Recently I got back from an annual backpacking trip that I go on every year with some buddies of mine. This year we headed over to Sequoia and Kings Canyon National Park (SEKI) with our main destination being Glacier Ridge. Last year we followed Phil Arnot’s advice and had an awesome trip to Brewer Basin so we decided to give another one of his routes a go.

Whenever I plan a route my number one goal is always remoteness and Glacier Ridge is almost as remote as you can get in the Sierra’s. I only found one trip report online about the area. The reason it’s so remote is because of how steep the routes are up to the ridge. Glacier Ridge is located between two glacial canyons, Deadman Canyon and Cloud Canyon. Both these canyons have very steep, dramatic walls. I had been up Deadman Canyon once before so I was hoping to take the route up from Cloud Canyon but both trip reports I read said that that way is much steeper so with safety in mind I decided to plan for the route up Deadman.

Day 0:

The plan for this day was to leave for the Grant Grove campgrounds after work for a night of car camping before the trip. Mat had been camping by himself for a couple nights before so the plan was to meet up at his campsite that night. We got a little bit of a late start so we didn’t get in till about 11pm. We setup our tents, had a beer, and all headed off to bed with anticipation of what adventures may lie ahead in the upcoming days. As usual I wasn’t able to fall asleep this first night. I don’t know what it is about the night before a backpacking trip but I’ve never been able to sleep.

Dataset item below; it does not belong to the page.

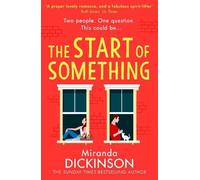 Miranda Dickinson The Start of Something (Tascabile)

Last year I was able to score some Lunesta for the trip but this year I was all out of luck. So I spent the entire night tossing and turning without getting a lick of sleep. Not a good start to the trip, especially with a 14 mile first day coming shortly.

Day 1 – Marvin Pass -> Sugarloaf Trail -> Roaring River:

We all got up, ate breakfast, packed up, and headed to the ranger station to pick up our permit. While at the ranger station we were informed that an unusual cold front was coming through in a couple days. This was suppose to bring snow down to 10,000 feet. This had me a little worried because we’ll be up on Glacier Ridge at around 10,000 feet the days that the cold front was scheduled to come in. On top of that in my never ending quest to cut weight I had left my rain gear behind and replaced it with the Gatewood Cape, a rain gear slash shelter combination. This would mean I would be spending a really boring day inside my shelter if any rain came through. While we were at the Ranger Station we told them that our intended destination was Glacier Ridge with which they had absolutely no idea of. This was a testament to how remote this trip was going to be. So we got our permit and headed over to Marvin Pass to start our hike.

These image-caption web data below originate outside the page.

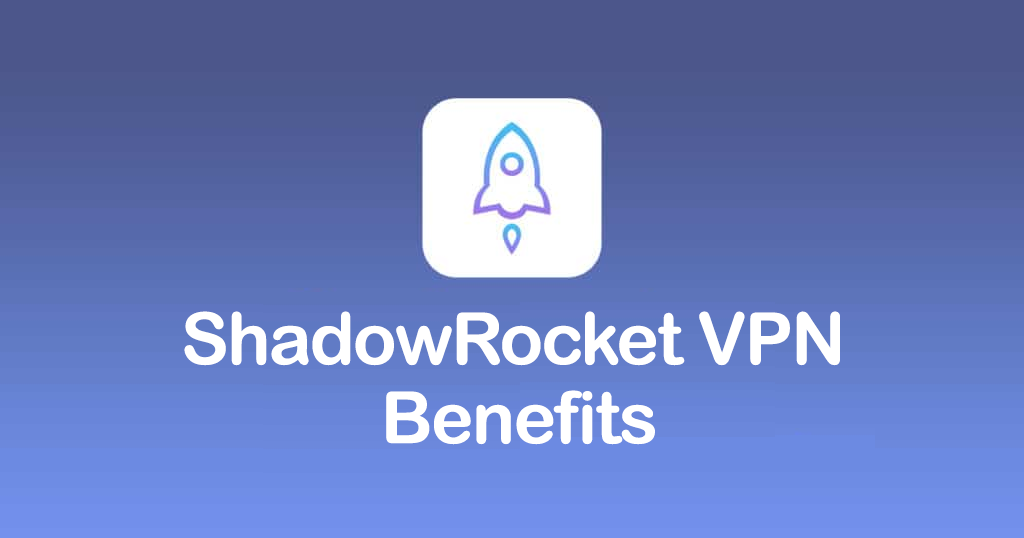 What is Shadowrocket App and Why You Should Develop One?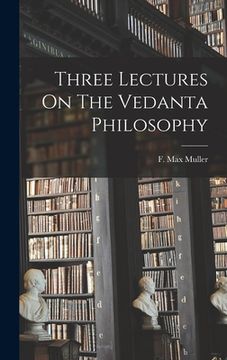 portada Three Lectures On The Vedanta Philosophy (en Inglés)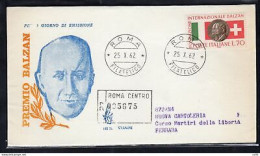 Italia FDC Venetia 1962 Fondazione Balzan  Viaggiata Racc. Per L'Italia - FDC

After about a 45 minute drive we arrived at Marvin Pass only to be amazed to not find any bear boxes whatsoever. The sign there said to store all coolers and food in our cars which didn’t seem safe and did not sit well with us. We had shampoo, soap, a little bit of food, and the most important items of all, our celebratory beers for when we get back that we needed to store. We decided to bear hang everything minus the beer which we left in our coolers and covered up in our cars. It amazes me that they’re able to put bear boxes deep within the back country but not at this trailhead. I’m not sure if maybe we were suppose to leave our supplies somewhere before we got to the trail head or not.

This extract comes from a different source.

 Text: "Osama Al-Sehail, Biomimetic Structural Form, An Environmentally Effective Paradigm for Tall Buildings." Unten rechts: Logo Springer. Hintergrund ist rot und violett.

So finally we were able to start off our hike. The first couple miles up to Marvin Pass were like a punch in the gut. I think it must have been the shock of hiking with a 37 pound pack along with the altitude but it did not feel like I had my legs. It crossed my mind more than once that maybe I hadn’t trained enough and was in for a really long and painful trip. But after a couple hours of huffing and puffing I was able to get my legs back and all was well again. The hike along the Sugarloaf trail was uneventful except for a baby rattlesnake that we saw on the side of the trail. The Sugarloaf trail is by far my least favorite trail in the park. Not because it’s hard, it’s actually pretty flat, but because horses have completely ruined it. It’s a major horse trail so there’s horse crap all over the place. The entire trail is dusty and sandy from all the horses that have trampled it throughout the years. It’s not very fun slogging through the sand with a full pack on trying to avoid the endless mounds of horse crap along the way. Needless to say I was happy to get into Roaring River and be done with the Sugarloaf trail until the return journey back.

sugarloaf trail.

When we got into Roaring River we were greeted by a nice couple from Palo Alto who seemed amazed that we had only been out one day and were heading off trail up to Glacier Ridge. We also talked to the ranger that was posted at the cabin there and she informed us that the forecast now called for the cold front to stay around for an extra day so to expect snow down to 10,000 feet on both Thursday and Friday. This had me a little worried because the last thing we needed was for rain or snow to come down on us on our hike down from the ridge Saturday.

We found a nice campsite with our own personal bear box next to roaring river, setup camp, washed all the dirt from the Sugarloaf trail off our tired bodies, ate dinner, had a small fire, and headed off to bed. To our amazement we didn’t see a single mosquito. From this point on I would never put on another drop of DEET. It was amazing.

Day 2 – Roaring River -> Deadman Canyon -> Glacier Ridge:

I had a little trouble falling asleep again this past night but I had one trick up my sleeve. I had one Valium pill left over from a couple years back that I desperately took with me after not being able to score some Lunesta for the trip. I decided to use it this night in anticipation for the upcoming hike up the ridge.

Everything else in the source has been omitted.